Segment Start: Record set

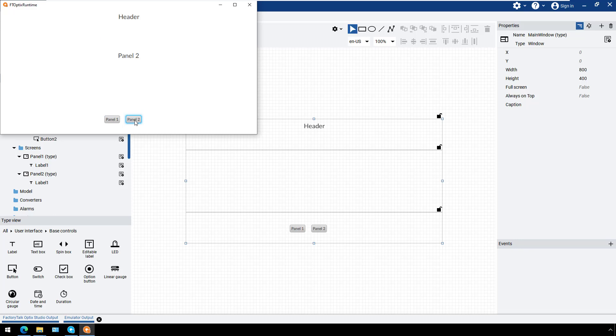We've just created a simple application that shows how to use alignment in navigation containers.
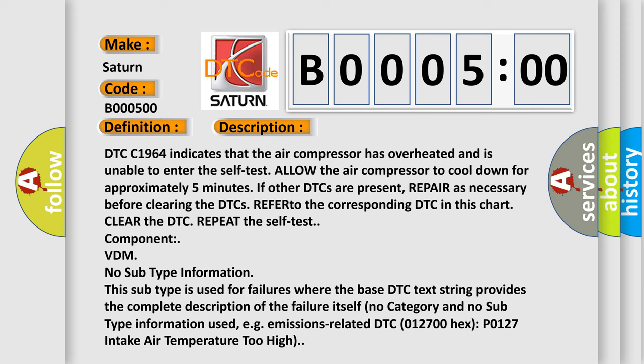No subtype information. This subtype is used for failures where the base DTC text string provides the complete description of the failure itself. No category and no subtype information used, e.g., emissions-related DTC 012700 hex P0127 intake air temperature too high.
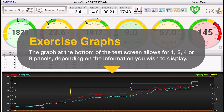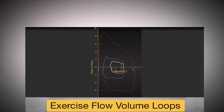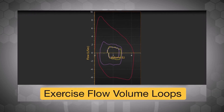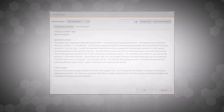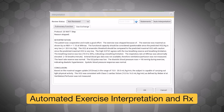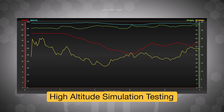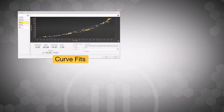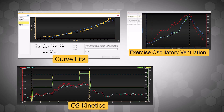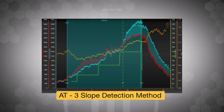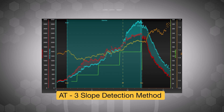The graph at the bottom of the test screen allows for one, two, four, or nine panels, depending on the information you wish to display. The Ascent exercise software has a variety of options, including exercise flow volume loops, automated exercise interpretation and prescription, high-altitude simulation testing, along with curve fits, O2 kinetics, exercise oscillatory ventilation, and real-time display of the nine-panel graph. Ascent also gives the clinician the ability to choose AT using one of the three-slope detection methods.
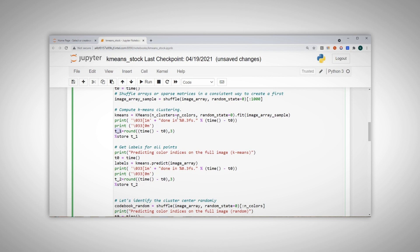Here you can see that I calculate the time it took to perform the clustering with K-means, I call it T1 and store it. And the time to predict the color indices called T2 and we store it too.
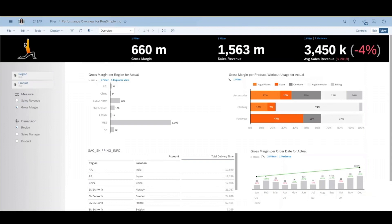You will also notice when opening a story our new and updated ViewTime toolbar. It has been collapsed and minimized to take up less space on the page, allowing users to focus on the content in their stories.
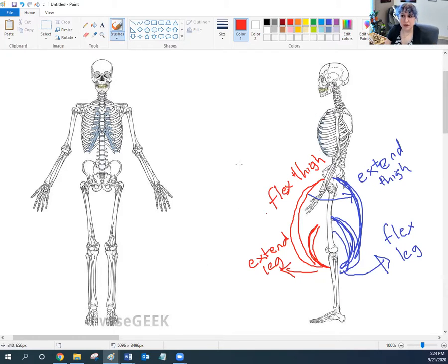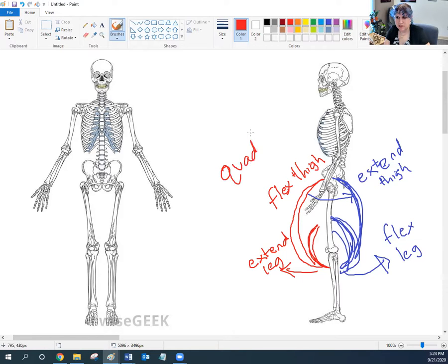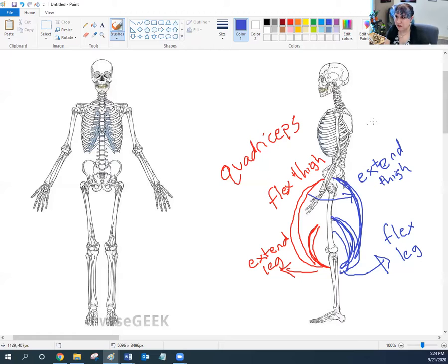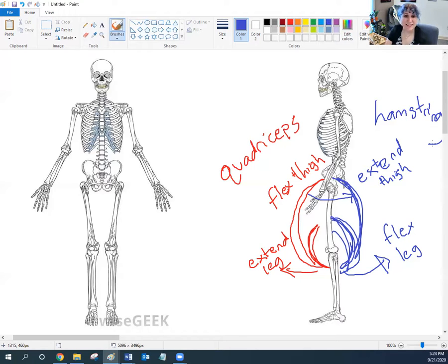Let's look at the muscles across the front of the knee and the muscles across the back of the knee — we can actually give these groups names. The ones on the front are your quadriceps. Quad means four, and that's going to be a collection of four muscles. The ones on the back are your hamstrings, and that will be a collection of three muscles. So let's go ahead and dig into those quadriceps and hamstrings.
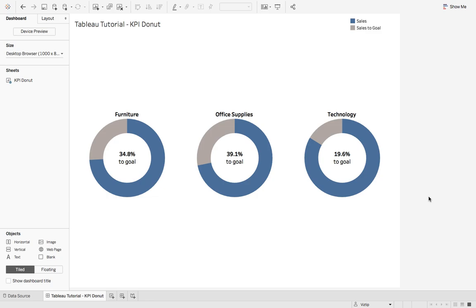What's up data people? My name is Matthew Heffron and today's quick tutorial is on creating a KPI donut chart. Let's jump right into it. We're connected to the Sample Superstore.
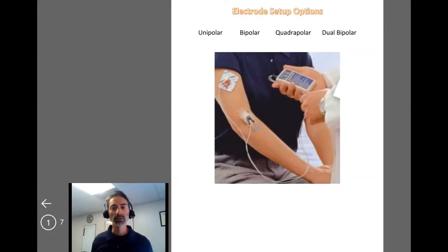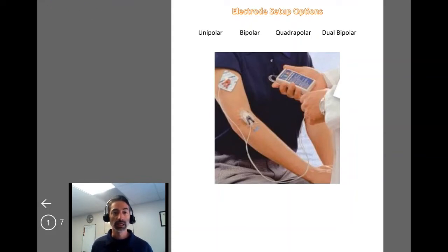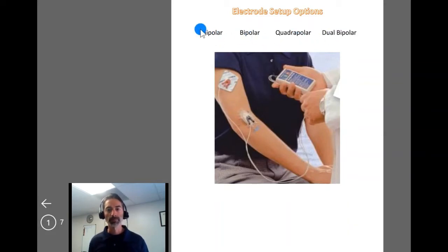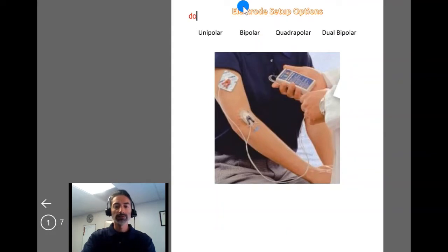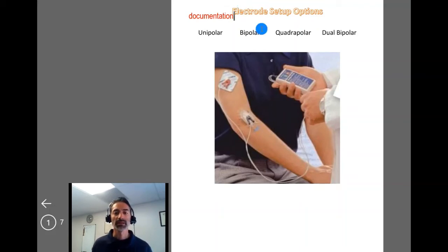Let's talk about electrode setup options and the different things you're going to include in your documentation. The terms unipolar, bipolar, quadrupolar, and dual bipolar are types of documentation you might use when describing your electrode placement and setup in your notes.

Segment End: Record set

### Description of the task
Take the line that contains "You will also" and every line after it up to the end of the records above, and restate them exactly, without the pictures.

### Finished task
You will also notice when opening a story our new and updated ViewTime toolbar. It has been collapsed and minimized to take up less space on the page, allowing users to focus on the content in their stories.
Let's look at the muscles across the front of the knee and the muscles across the back of the knee — we can actually give these groups names. The ones on the front are your quadriceps. Quad means four, and that's going to be a collection of four muscles. The ones on the back are your hamstrings, and that will be a collection of three muscles. So let's go ahead and dig into those quadriceps and hamstrings.
What's up data people? My name is Matthew Heffron and today's quick tutorial is on creating a KPI donut chart. Let's jump right into it. We're connected to the Sample Superstore.
Let's talk about electrode setup options and the different things you're going to include in your documentation. The terms unipolar, bipolar, quadrupolar, and dual bipolar are types of documentation you might use when describing your electrode placement and setup in your notes.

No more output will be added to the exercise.